◆ **What to produce**:
Would you return the lines between the one holding "Un stand en" and the one holding "Zhan Xuan | The Red Ink Obsession", inclusive, and only those, exactly as they stand in the listing below?

───── Dataset excerpts ─────

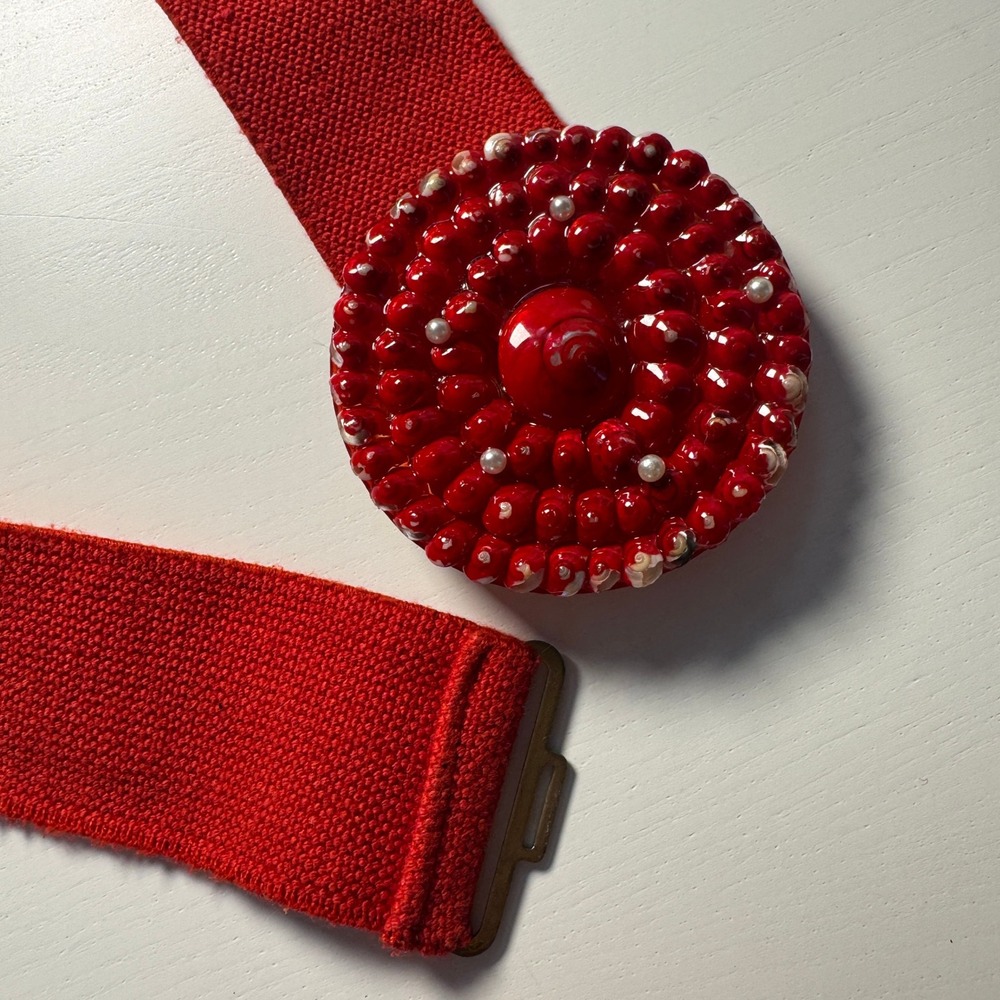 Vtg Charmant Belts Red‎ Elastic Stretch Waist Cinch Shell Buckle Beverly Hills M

─────
───── Dataset excerpts ─────

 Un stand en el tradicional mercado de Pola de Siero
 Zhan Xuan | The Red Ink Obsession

─────

◆ **Answer to this problem**:
 Un stand en el tradicional mercado de Pola de Siero
 Zhan Xuan | The Red Ink Obsession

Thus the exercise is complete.